Can it really be that simple?  No, not exactly.  While filing the necessary paperwork to register an LLC is pretty simple, maintaining the protection that an LLC can give you involves a bit more-and additional steps should be taken for two or more member(s).  Limited Liability Companies exist in large part to limit the personal liability of the owners. But merely filing out the forms and getting a piece of paper from the Secretary of State does not ensure that you actually are limiting your personal liability.  Just because you have an airplane ticket doesn’t mean you have arrived at your destination; you still have to show up on time, make it through security, find the right plane and not get kicked off the plane for inappropriate behavior.   Maintaining your protection may require some additional reading or a consultation with an attorney to make sure your paperwork and filing fees were not a waste of time and money.

So, here are a few things that you need to do to maintain an LLC.  This is by no means everything, but its a start.

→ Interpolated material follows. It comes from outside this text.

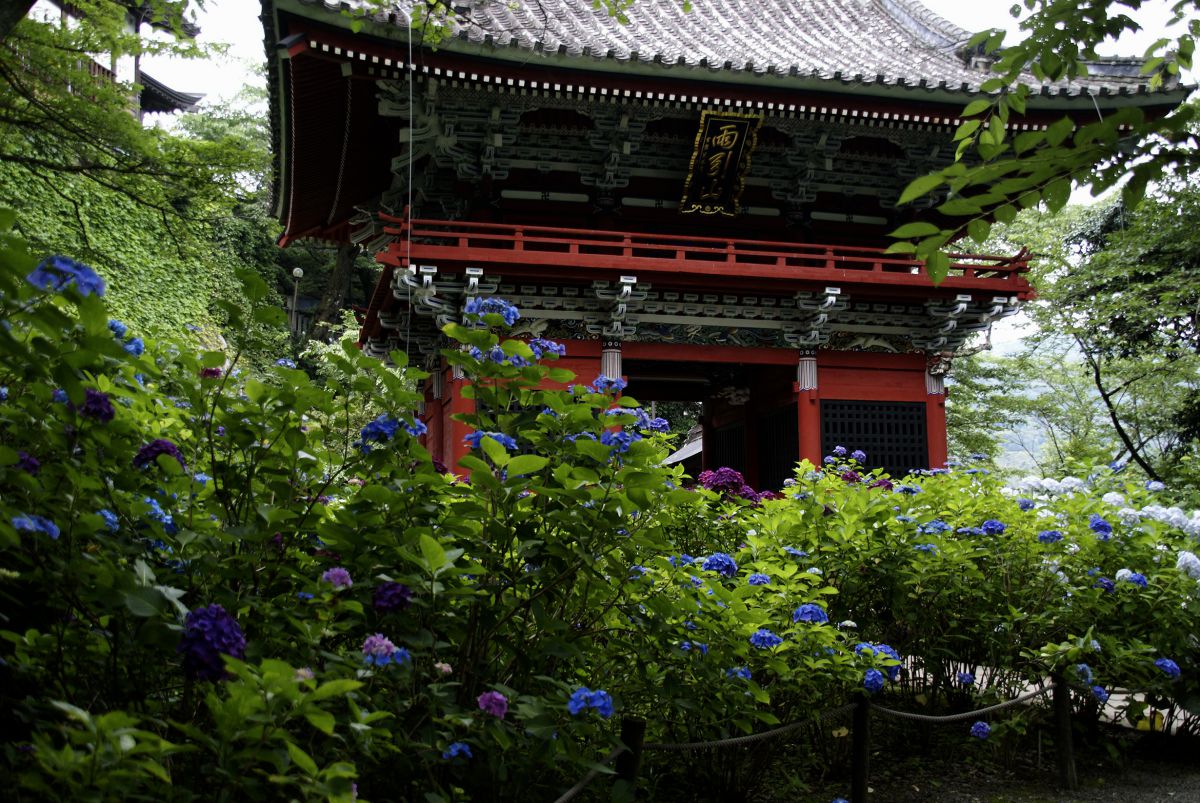 雨引観音（茨城県）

  • Keep your personal and business money in separate accounts:  Intermingling funds is one way that business owners can lose their liability shield.   Use your business accounts only for real business expenses and pay yourself a salary.  Talk to an accountant if you’re not sure what kinds of things can be expensed.
  • Sign documents as a company officer:  A quick way to lose your liability shield is to not even use it.  You don’t want to sign anything in your own name if your LLC is supposed to be the one bound by contract.   Something like  “BIZCO, LLC by its CEO, John Doe” would be preferable to just “John Doe.”
  • Keep Adequate Funds on Hand:  Startups often don’t have much money which is OK so long as you aren’t exposing your company for large contract or tort liability.  If you don’t have reasonable funds to cover your obligations, a court might determine that you are on the hook as well.
  • Maintain Your Business Records:  Holding meetings may not be necessary if you are the only owner of a company, but you still need to maintain some kind of business records and complete your annual filings with the Secretary of State.  If you don’t respect your LLC, why should anyone else?

These are just a few of the more common things that can cost LLC business owners dearly.  If you are on a tight budget, doing some filing work yourself may make sense, even if you have an attorney.  But please take the time to find out what you are doing and why you are doing it.

The above does not constitute legal advice.  If you are unsure about how LLCs work or whether creating one is the right move, both the author and TECHdotMN strongly recommend consulting an attorney.